La figlia del bikini

In questi giorni in cui il tempo si comporta da calzino - rovesciandosi più volte nel giro di poche ore - qualcuno resiste indomito e rifiuta di passare ogni momento dalla maglietta all’impermeabile, dal prendisole al maglioncino. Per questo qualcuno (o qualcuna?) non c’è che un capo d’abbigliamento possibile: il bikini.

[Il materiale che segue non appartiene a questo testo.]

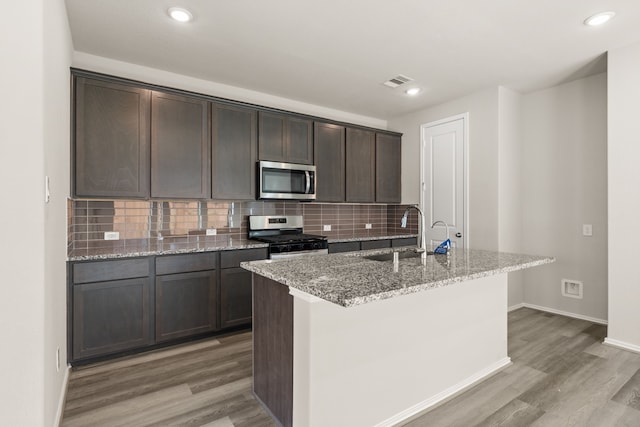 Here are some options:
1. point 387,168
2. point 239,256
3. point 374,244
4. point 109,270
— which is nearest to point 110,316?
point 109,270

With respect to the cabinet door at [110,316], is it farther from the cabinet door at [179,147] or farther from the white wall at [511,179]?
the white wall at [511,179]

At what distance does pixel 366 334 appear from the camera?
5.90ft

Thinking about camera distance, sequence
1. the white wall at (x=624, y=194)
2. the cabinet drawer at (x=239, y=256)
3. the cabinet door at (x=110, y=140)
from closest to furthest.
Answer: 1. the cabinet door at (x=110, y=140)
2. the white wall at (x=624, y=194)
3. the cabinet drawer at (x=239, y=256)

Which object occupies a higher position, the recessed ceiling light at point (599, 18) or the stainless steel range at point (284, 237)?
the recessed ceiling light at point (599, 18)

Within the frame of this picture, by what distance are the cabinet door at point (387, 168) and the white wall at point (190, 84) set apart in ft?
2.17

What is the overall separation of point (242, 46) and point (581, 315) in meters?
4.36

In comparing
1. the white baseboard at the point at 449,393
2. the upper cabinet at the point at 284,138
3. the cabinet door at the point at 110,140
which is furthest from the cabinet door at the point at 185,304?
the white baseboard at the point at 449,393

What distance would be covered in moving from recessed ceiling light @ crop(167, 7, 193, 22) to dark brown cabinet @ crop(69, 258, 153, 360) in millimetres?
1853

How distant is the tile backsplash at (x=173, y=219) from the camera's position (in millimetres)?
3000

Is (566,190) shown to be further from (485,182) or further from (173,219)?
(173,219)

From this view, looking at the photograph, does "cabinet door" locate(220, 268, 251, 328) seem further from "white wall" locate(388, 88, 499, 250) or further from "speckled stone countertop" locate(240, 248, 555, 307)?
"white wall" locate(388, 88, 499, 250)

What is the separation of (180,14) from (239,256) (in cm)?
200

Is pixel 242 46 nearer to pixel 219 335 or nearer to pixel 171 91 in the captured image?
pixel 171 91

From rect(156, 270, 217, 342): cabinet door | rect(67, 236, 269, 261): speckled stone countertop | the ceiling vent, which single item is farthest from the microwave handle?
rect(156, 270, 217, 342): cabinet door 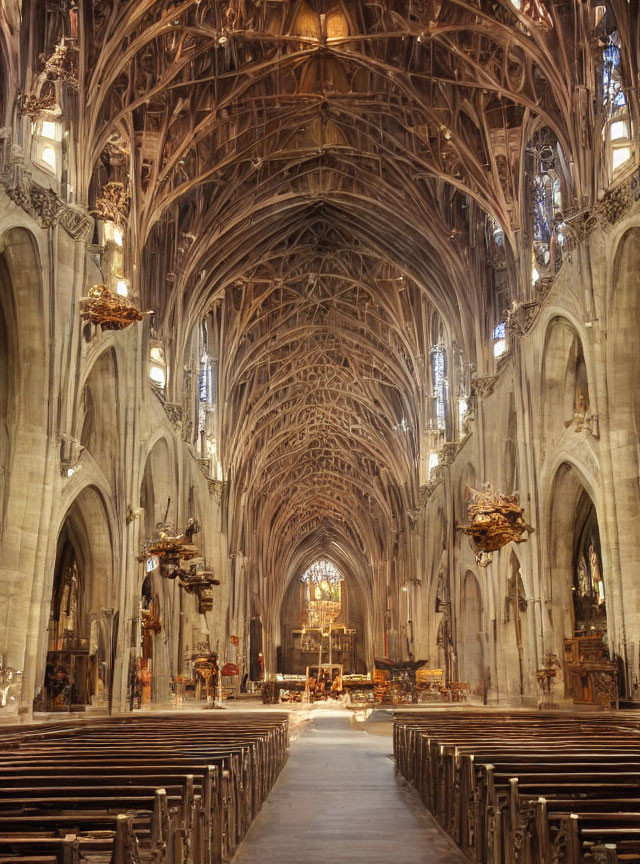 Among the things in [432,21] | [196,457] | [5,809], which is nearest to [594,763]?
[5,809]

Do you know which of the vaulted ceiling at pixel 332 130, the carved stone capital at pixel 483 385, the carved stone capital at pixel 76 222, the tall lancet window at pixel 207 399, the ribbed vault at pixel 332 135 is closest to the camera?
the carved stone capital at pixel 76 222

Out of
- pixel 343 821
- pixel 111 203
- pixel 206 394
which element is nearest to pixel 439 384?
pixel 206 394

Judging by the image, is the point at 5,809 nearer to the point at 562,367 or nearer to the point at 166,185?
the point at 562,367

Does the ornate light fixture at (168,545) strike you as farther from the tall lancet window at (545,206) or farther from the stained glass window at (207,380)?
the stained glass window at (207,380)

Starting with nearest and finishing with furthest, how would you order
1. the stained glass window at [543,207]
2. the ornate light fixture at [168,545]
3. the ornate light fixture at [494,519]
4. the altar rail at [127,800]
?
the altar rail at [127,800]
the ornate light fixture at [494,519]
the ornate light fixture at [168,545]
the stained glass window at [543,207]

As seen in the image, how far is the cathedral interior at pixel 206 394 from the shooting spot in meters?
7.13

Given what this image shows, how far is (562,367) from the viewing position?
24.0m

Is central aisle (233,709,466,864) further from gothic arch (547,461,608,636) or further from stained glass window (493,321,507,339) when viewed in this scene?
stained glass window (493,321,507,339)

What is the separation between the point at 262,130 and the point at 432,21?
766 centimetres

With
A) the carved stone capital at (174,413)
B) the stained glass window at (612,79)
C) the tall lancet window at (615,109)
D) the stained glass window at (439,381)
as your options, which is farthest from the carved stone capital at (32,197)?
the stained glass window at (439,381)

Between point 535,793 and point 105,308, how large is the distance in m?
15.9

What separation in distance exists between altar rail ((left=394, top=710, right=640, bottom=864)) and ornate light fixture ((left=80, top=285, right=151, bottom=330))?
488 inches

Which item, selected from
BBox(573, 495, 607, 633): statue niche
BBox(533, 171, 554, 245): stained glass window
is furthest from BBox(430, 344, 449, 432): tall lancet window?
BBox(573, 495, 607, 633): statue niche

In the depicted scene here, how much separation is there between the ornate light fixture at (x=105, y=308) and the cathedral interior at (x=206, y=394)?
0.06m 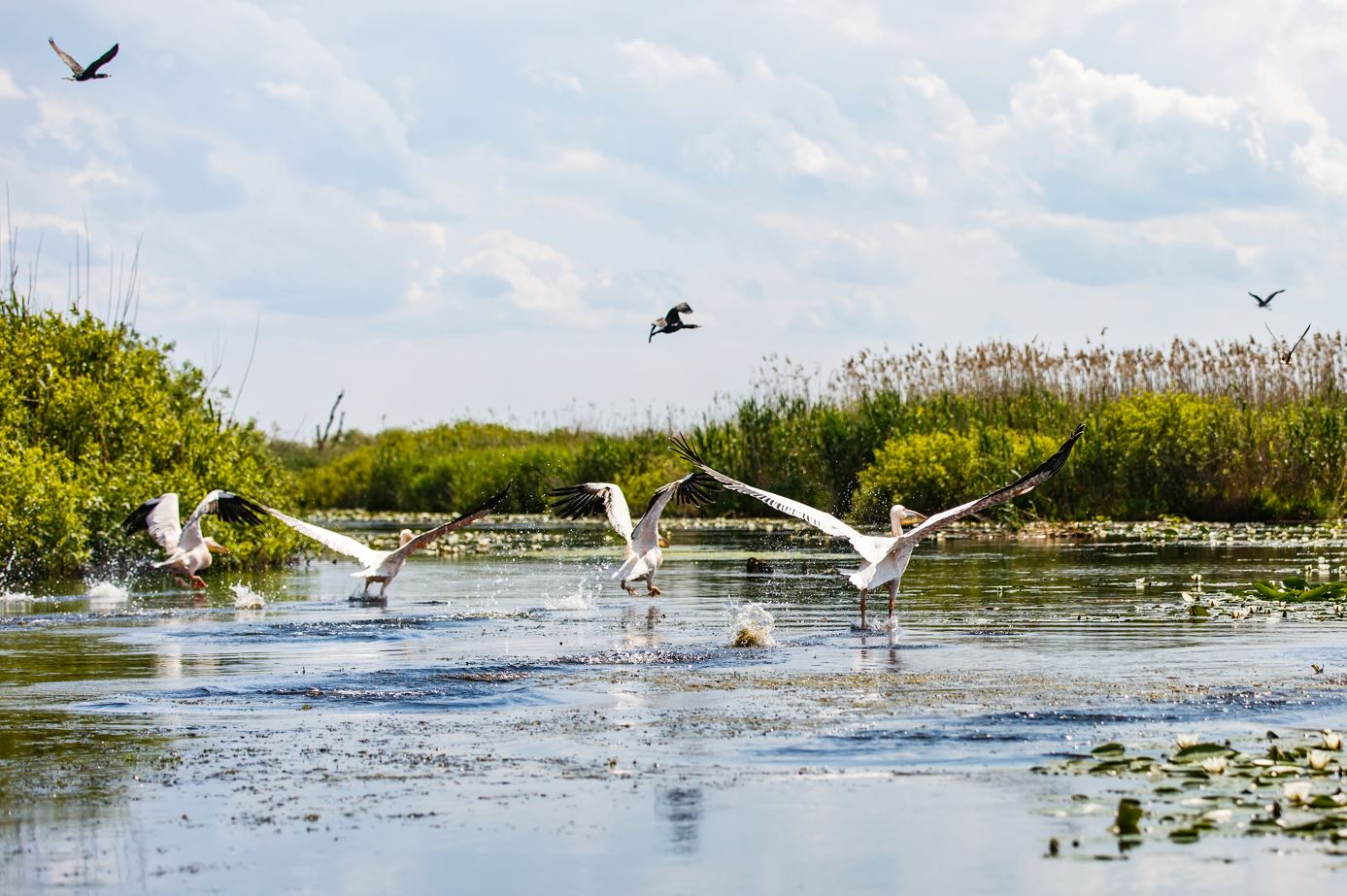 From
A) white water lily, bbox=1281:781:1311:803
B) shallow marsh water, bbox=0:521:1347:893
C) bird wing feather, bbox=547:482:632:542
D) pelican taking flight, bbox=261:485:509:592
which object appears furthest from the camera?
bird wing feather, bbox=547:482:632:542

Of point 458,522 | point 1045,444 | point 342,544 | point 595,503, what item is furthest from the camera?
point 1045,444

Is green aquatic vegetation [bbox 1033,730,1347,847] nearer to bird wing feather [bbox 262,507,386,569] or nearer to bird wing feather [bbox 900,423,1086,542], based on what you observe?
bird wing feather [bbox 900,423,1086,542]

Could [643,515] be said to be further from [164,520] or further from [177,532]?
[164,520]

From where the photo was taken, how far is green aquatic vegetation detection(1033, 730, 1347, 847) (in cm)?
755

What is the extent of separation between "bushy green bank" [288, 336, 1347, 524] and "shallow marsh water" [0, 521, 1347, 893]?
56.2 ft

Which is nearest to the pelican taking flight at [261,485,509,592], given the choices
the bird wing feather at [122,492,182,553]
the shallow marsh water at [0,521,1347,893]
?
the shallow marsh water at [0,521,1347,893]

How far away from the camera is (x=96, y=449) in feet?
86.2

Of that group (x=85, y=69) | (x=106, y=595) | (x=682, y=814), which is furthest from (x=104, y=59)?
(x=682, y=814)

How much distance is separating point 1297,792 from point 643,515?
43.3 feet

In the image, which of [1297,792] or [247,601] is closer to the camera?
[1297,792]

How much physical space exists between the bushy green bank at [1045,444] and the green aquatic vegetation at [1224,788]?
26388mm

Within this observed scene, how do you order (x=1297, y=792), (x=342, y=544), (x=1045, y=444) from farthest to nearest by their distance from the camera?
(x=1045, y=444) < (x=342, y=544) < (x=1297, y=792)

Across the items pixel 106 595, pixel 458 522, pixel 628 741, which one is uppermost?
pixel 458 522

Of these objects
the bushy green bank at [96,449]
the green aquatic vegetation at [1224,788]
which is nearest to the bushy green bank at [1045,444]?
the bushy green bank at [96,449] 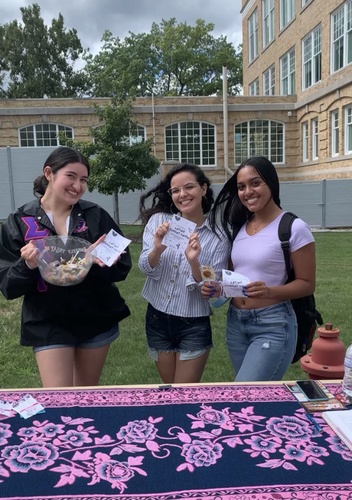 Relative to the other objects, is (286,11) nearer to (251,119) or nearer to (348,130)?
(251,119)

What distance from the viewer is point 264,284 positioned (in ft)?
7.67

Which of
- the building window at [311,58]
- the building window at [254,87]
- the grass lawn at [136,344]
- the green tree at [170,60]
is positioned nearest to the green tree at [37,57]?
the green tree at [170,60]

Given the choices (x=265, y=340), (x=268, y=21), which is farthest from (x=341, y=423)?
(x=268, y=21)

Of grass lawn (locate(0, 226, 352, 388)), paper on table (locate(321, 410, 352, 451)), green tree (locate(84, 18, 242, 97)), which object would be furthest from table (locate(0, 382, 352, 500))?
green tree (locate(84, 18, 242, 97))

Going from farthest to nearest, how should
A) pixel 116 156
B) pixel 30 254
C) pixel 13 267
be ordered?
pixel 116 156 → pixel 13 267 → pixel 30 254

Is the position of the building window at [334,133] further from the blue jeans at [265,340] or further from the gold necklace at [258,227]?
the blue jeans at [265,340]

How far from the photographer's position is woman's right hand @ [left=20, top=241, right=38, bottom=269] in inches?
85.2

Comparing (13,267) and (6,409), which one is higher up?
(13,267)

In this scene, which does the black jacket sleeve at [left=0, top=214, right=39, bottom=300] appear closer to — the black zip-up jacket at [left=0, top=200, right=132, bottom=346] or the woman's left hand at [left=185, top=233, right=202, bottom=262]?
the black zip-up jacket at [left=0, top=200, right=132, bottom=346]

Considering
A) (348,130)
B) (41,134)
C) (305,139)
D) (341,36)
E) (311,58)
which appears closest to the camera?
(341,36)

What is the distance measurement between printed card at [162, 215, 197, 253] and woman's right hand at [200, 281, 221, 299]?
26 centimetres

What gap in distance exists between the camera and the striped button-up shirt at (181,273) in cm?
270

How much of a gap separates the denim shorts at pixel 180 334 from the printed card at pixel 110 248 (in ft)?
2.18

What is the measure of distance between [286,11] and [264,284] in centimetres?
2706
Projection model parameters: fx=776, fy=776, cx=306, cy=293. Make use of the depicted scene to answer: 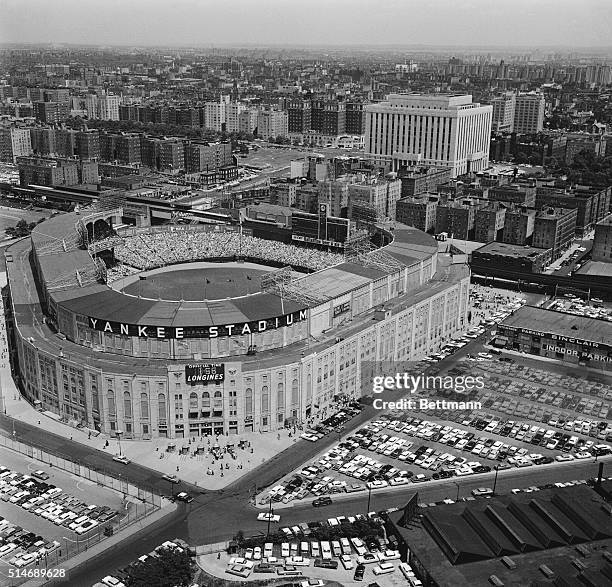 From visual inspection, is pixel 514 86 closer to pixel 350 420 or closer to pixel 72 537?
pixel 350 420

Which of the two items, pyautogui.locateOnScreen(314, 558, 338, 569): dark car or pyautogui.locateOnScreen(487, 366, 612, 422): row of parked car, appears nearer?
pyautogui.locateOnScreen(314, 558, 338, 569): dark car

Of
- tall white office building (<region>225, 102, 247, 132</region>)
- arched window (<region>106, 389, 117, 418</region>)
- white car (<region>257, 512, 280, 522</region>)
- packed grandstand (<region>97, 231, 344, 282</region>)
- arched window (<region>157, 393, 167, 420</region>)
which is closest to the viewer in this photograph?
white car (<region>257, 512, 280, 522</region>)

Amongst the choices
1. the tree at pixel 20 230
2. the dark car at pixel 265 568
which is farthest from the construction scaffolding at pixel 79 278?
the tree at pixel 20 230

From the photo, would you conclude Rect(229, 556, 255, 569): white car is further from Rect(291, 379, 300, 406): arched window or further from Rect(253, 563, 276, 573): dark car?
Rect(291, 379, 300, 406): arched window

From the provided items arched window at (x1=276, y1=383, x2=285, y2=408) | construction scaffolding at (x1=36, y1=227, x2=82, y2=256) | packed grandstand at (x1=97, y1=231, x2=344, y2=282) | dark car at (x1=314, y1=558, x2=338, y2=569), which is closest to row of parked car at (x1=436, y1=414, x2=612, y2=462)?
arched window at (x1=276, y1=383, x2=285, y2=408)

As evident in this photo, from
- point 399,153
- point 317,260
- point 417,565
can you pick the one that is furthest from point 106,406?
point 399,153

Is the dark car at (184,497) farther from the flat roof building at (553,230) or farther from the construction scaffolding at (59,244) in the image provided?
the flat roof building at (553,230)

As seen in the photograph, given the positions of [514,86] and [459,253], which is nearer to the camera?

Va detto che lo sfoggio del celebre costume avviene in un ambiente a temperatura controllata: quella delle homepage dei siti d’informazione. I quali, quest’anno, al consueto profluvio di celebrità seminude, hanno aggiunto una variante curiosa: le foto delle figlie seminude delle celebrità seminude. Non farò esempi perché non sono sicuro di poter azzeccare i nomi (la mia generazione ha perso il segno nel Libro della fama corrente) ma, per chi volesse, non sarà difficile constatare che è così. Il bello è che i siti, specie quelli che fanno riferimento a giornali importanti, non si accontentano di pubblicare le foto delle figlie seminude ma imbastiscono pistolotti sociologici sulla fama “di riflesso” che tocca le suddette figlie, fama alimentata da social come Instagram, e infine dai giornali di cui sopra. In tutto ciò dimenticando che c’è sempre la scelta di non pubblicare, non alimentare, non grattare ogni curiosità appena essa si presenta.

Tra la censura (sempre negativa) e la discrezionalità professionale passa un abisso. Quello che ci dà il tempo di comprendere che non necessariamente ogni cosa si deve “vedere”, non tutto è necessario e, soprattutto, che la stupidità non è inevitabile.